> _Description of the task_:
Using the data below, output a verbatim copy of the lines between the one holding "Moonstone white metallic" and the one holding "Цвета мокрого камня", inclusive, without any pictures.
____________________
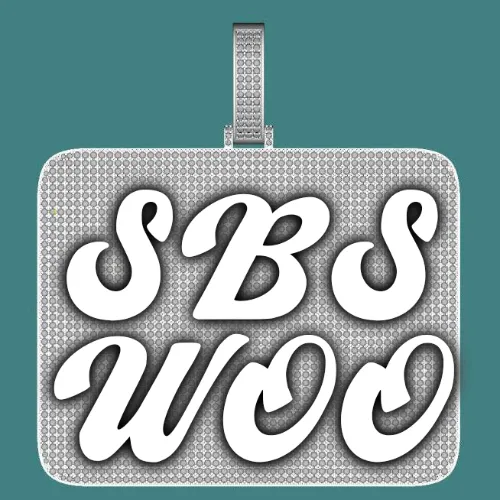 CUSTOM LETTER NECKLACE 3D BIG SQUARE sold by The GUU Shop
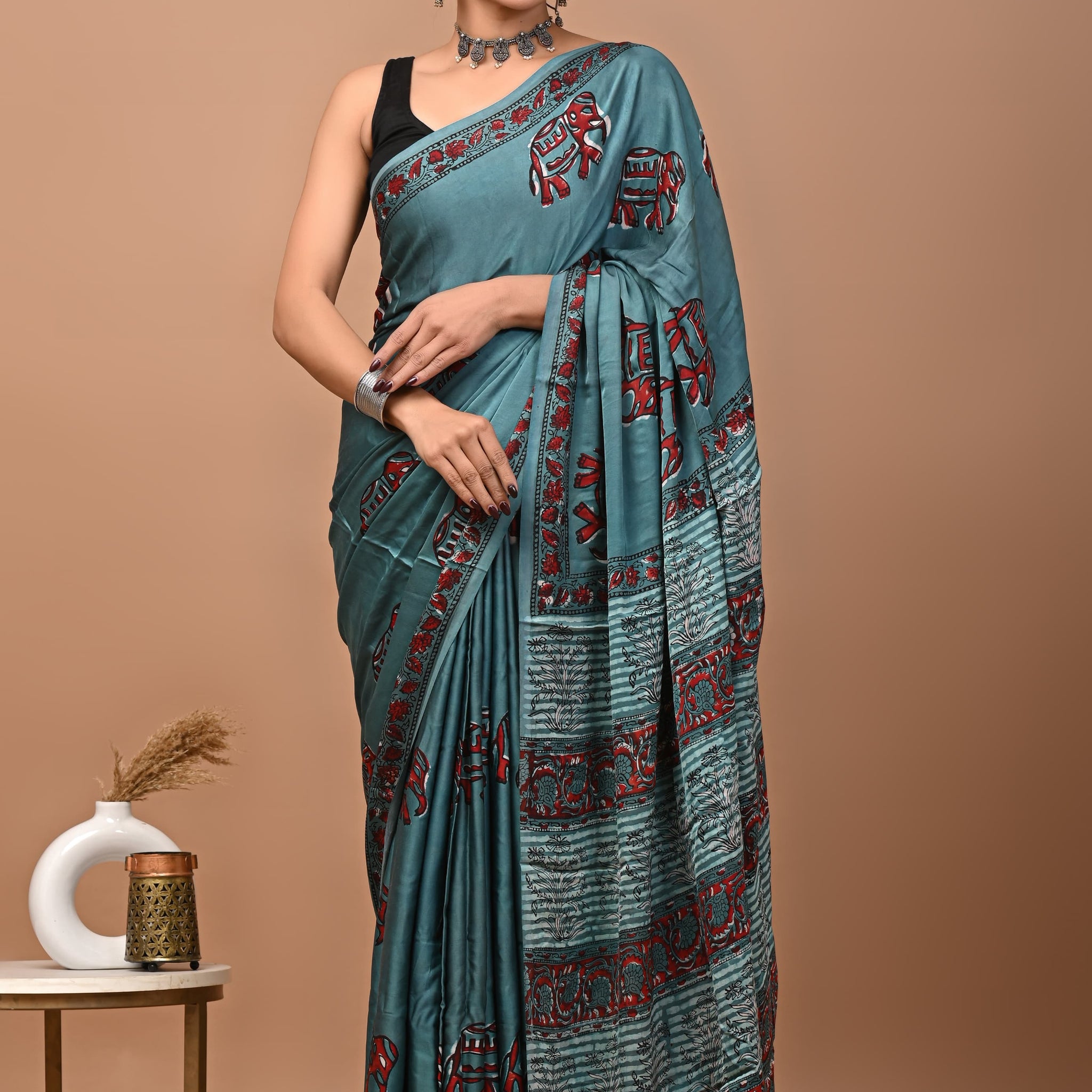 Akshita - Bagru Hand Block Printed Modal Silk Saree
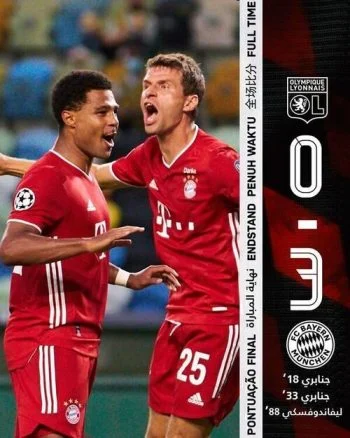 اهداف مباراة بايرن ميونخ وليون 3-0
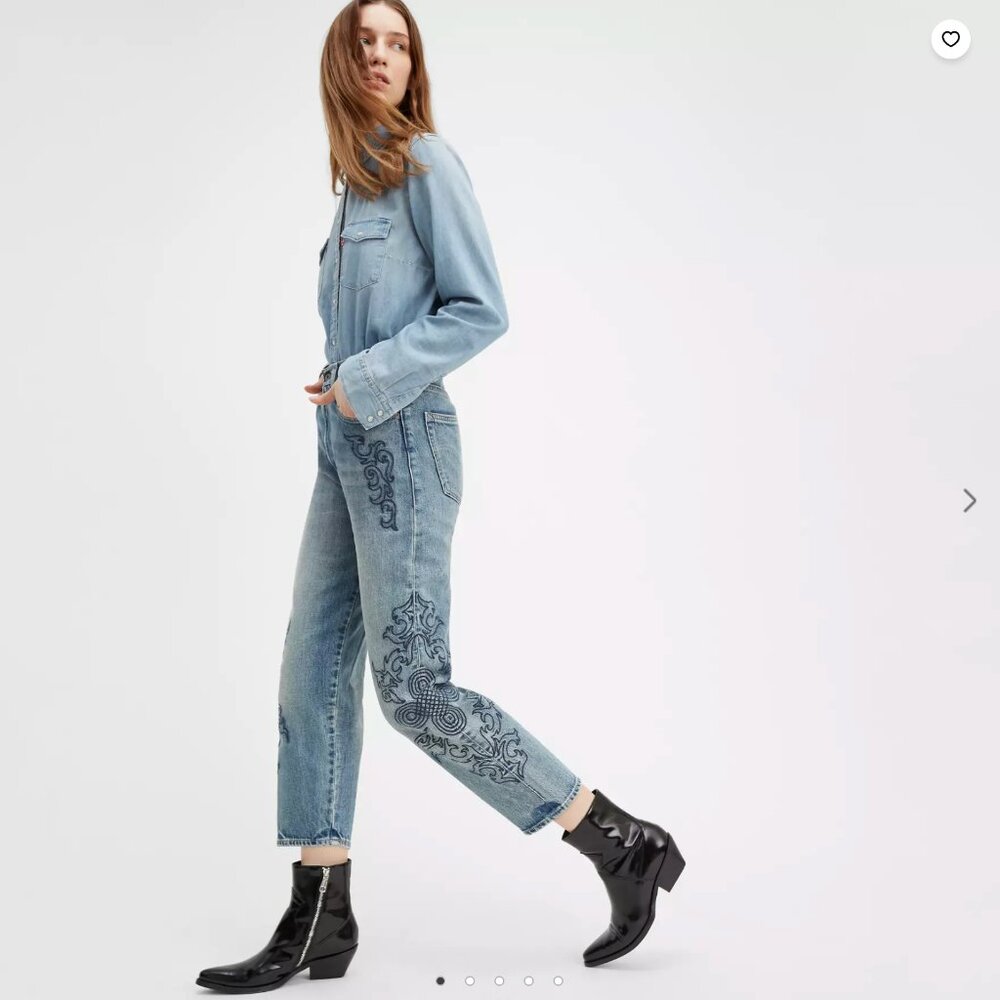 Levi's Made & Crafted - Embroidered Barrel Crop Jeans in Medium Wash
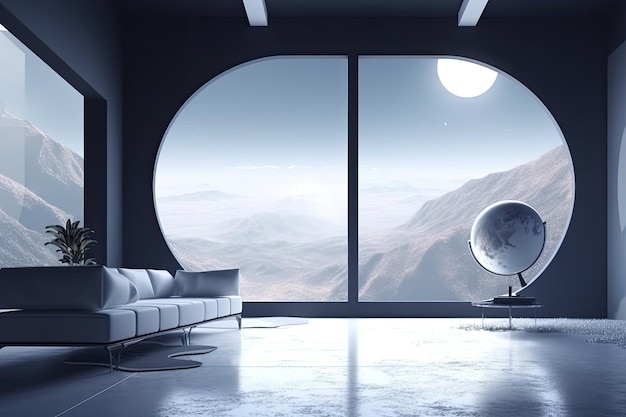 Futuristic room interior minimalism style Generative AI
____________________
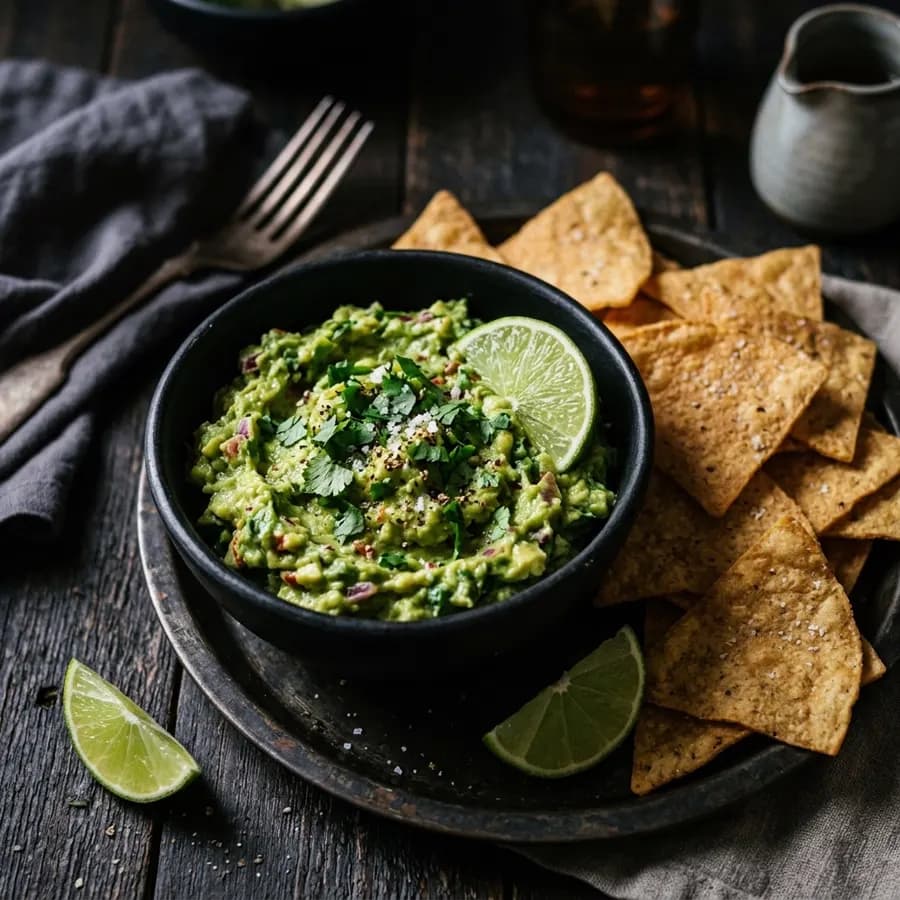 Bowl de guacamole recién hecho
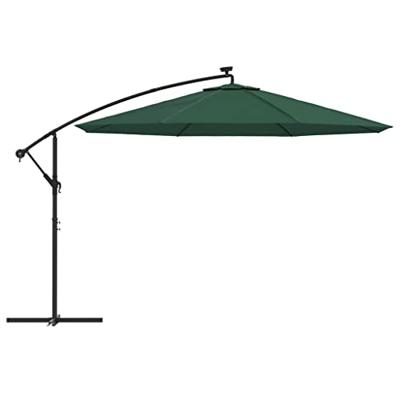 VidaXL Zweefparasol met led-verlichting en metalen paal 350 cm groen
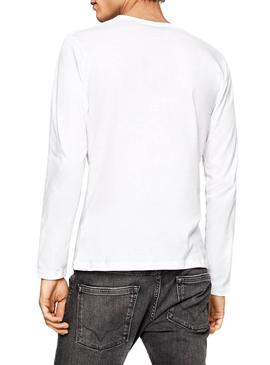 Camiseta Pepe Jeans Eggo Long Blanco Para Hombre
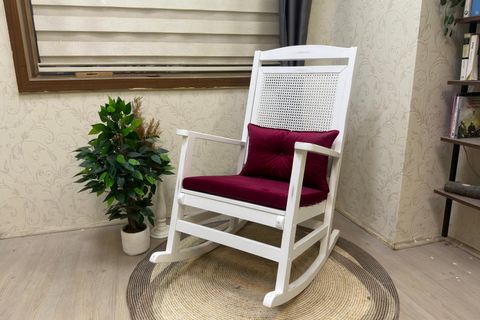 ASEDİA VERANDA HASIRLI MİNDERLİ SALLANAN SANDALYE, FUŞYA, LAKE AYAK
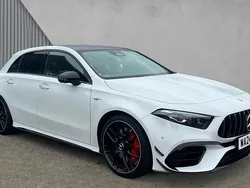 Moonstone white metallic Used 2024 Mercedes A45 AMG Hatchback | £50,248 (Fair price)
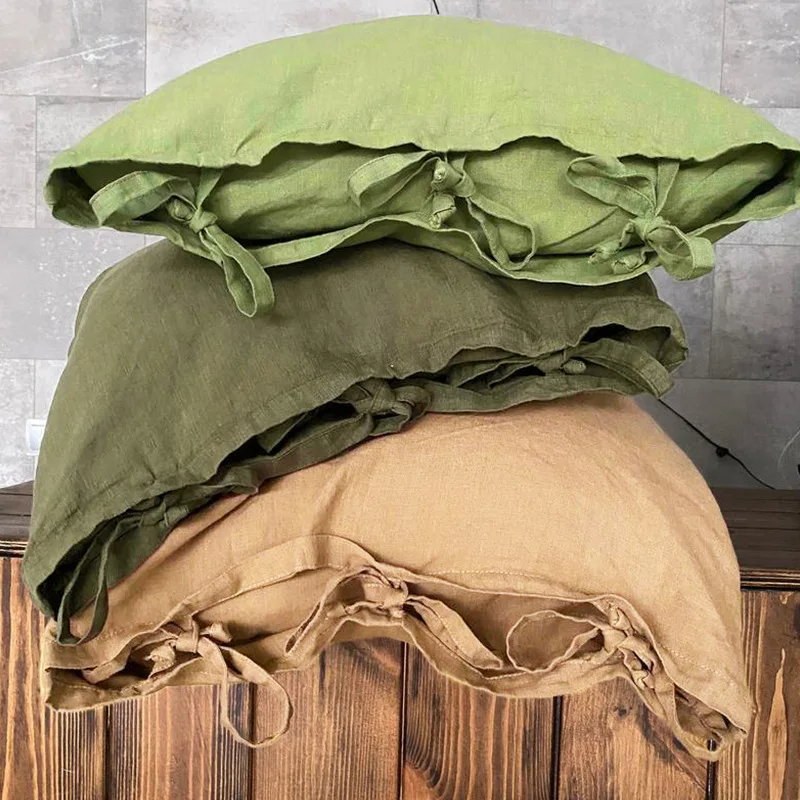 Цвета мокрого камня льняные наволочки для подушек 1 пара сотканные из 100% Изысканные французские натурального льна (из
____________________
> _Answer space_:
 Moonstone white metallic Used 2024 Mercedes A45 AMG Hatchback | £50,248 (Fair price)
 Цвета мокрого камня льняные наволочки для подушек 1 пара сотканные из 100% Изысканные французские натурального льна (из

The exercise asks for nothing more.